Emily Asaro’s passion for picture books started at a very young age, sitting on her grandmother’s knee on her sun porch in New Jersey. She’s been doodling ever since she could hold a paintbrush. Emily currently resides in Glendale, CA as a Production Manager in Animation by day and an aspiring illustrator by night; working toward her dream job in children’s books. Apart from making art, Emily enjoys roller-skating, live music, and absolutely anything dinosaur-related.


2018: Jennifer Fitzgerald

Jennifer counts her comical ideas, economy of language and an ability to draw readers in among her strengths. “Comedy is where I started, and that’s where I will stay. Grown-ups may discount the funny side as frivolous, but children don’t. The well-placed laugh is often the best door into worlds of deeper situations and emotions, without it being too on the nose for kids. That’s what I strive for in my work, that intimacy, that community.”


2018: Monica Mancillas

A music educator and songwriter, Monica has penned over a dozen picture book manuscripts and several short stories and is currently working on her first novel. Her work was recently featured in the online Litzine "Beautiful Losers" and took first place in the Pacific Sun Flash Fiction contest.


2017: Cassandra Federman

Self-taught via YouTube tutorials, books and other resources, Cassandra Federman has a whimsical style featuring young characters and storytelling. She had her first child in 2016 and now reads children’s books for someone other than herself. Favorite illustrators include Jon Klassen, Mary Blair and Dan Santat, whose illustrator intensive at the 2015 summer conference still influences her work. After graduating magna cum laude from Brandeis University with a degree in psychology, Federman worked for 10 years as an actor and now dreams of being published as an author/illustrator. Her new mentor believes “she is ready” for the next step toward that goal.

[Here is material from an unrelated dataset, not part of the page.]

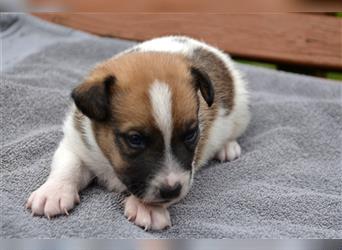 Jack Russell Welpen (tricolor)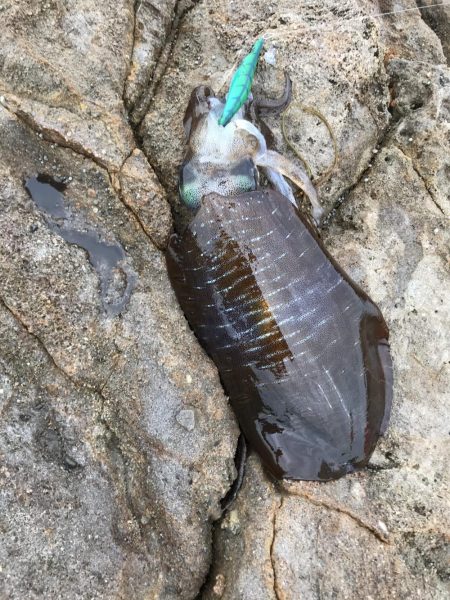 和歌山春イカエギングでアオリイカ釣果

2017 Honorable Mention: Teen Namiko Liu

A skilled painter with a strong sense of graphic design, Liu is an Art Center graduate who worked as a designer and paper engineer on pop-up and novelty books at Sabuda & Reinhart, and now hopes to write and illustrate her own books.


2016: Melanie Dearman

In her mentorship application, Melanie submitted 20 pages from her young adult novel, "Clarity", which opens with Holly, a high school senior, who has just broken up with her first girlfriend. “I’m really inspired by the ever-evolving YA community and the bold new directions its writers and publishers are taking all the time,” Melanie wrote in her application for the mentorship. “Above all, though, I write because I can’t help it. Because whenever I have a question with no simple answer, I end up wrestling with it in fiction.”


2016: Cheryl Manning

Set in Hiroshima in 1945, "The Last Crane" is inspired by a true story about a boy’s resilience in the face of unthinkable devastation and loss. Twelve-year-old Kenji, a would-be warrior, witnesses the bombing of his city, which kills his brother and starts Kenji on a path toward valuing peace.


2015: Matthew Rivera

Matthew’s work is very lively, colorful and his treatment of space, light sources, and focus on the main characters got Lattimore’s attention quickly. He loves animals of all sorts, including fantasy/magical types and it’s easy to see that he loves artists such as Syd Hoff, David Kirk and more.


2015: Lori Ann Levy-Holm

Lori Ann’s work is deeply lush and realistically developed in a way that reminds Lattimore of Lisbeth Zwerger. Lori Ann’s story ideas about a particular topic – a girl with an important school-related problem – are timely.